If I were blind, I would have had a better cause for keyboard access. I
could not get any support from any organisations and Vision Australia
stated to me in a job interview that they preferred to work with their
clients, not beat them over the head.
I prefer the beat them over the head approach having seen the
alternative fail so badly, but I have run out of sticks, I update a
review of Aust government websites occasionally and try to embarrass
them into action. I think they hope none notices except a few of us,
certainly there is no organisational support for an action like Maguire
v Sydney Olympics, it will take one determined individual to try and
force change.
I'm fresh out of sticks and sick of flogging a dead horse.
http://www.hereticpress.com/Dogstar/Publishing/AustWeb.html
Tim
Melbourne
On 30/07/2006, at 11:06 PM, Mark Harris wrote:
Terrence Wood wrote:
> WAI level A is great because you can get there by accident
> (which makes me wonder why so many people just can't do it),
> but I really think e-gov needs to be achieving level 2 compliance.
>
Oh, I agree completely - I was just trying to set the bar low enough
that at least some would pass ;-)
> Do you have any ideas on how to force government entities to comply?
> Personal accountability for stakeholders perhaps?
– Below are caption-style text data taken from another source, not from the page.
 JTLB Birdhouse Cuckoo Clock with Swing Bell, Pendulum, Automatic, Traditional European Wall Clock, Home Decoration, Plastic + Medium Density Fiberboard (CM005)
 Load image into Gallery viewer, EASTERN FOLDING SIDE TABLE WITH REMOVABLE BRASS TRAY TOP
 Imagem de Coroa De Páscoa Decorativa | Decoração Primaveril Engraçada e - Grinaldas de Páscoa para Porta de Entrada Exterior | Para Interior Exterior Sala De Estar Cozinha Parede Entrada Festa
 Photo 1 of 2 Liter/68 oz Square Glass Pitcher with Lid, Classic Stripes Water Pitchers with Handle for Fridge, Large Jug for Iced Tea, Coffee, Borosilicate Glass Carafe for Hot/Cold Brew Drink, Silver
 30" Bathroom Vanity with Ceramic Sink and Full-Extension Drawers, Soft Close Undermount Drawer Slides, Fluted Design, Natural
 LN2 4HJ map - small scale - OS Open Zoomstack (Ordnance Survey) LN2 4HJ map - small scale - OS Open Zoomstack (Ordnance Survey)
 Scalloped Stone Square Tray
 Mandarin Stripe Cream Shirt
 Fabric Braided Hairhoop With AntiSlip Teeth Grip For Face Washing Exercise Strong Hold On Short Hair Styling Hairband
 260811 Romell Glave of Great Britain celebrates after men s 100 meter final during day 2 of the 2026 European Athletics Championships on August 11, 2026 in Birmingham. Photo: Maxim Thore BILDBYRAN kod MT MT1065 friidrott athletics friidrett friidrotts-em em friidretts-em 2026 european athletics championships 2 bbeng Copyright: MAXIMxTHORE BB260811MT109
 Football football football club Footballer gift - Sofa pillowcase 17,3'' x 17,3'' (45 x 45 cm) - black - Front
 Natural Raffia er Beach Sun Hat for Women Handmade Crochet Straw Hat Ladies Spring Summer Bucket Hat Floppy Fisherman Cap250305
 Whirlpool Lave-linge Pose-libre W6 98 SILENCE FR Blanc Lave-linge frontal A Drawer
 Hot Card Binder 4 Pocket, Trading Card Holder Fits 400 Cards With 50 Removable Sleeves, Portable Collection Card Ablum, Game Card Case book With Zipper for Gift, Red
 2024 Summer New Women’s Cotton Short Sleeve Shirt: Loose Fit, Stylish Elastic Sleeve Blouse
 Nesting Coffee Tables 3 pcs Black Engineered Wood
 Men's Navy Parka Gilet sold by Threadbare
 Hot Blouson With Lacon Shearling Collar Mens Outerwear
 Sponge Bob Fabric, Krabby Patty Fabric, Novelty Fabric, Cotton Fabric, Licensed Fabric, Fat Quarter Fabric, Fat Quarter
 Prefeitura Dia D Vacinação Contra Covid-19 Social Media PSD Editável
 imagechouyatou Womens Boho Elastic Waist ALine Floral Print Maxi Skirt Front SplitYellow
Apart from holding a gun to their heads? [sigh] I spent most of the 5
years from 2000 to 2005 trying to find ways to encourage NZ govt
agencies to do this. I got more traction with commercial web
developers than government agencies, sadly.
Which is not to say there aren't plenty of web people in the NZG who
believe in accessibility and the Guildelines, because there are. But
not their managers or senior managers, it appears.
I think we've got to go through the political reps and hold them
accountable, to get them to put pressure on their portfolio agencies,
but there always seems to be something with more priority.
> I think their advisors/suppliers (e-i-new media ltd and their ilk)
> should be held accountable as well - and that's easy to do, make it a
> term of the contract for services.
Yep, and many NZ govt agencies do put that in the contracts (which was
one of the things we promoted in the Guidelines) but keeping the site
compliant once it's built is a different matter.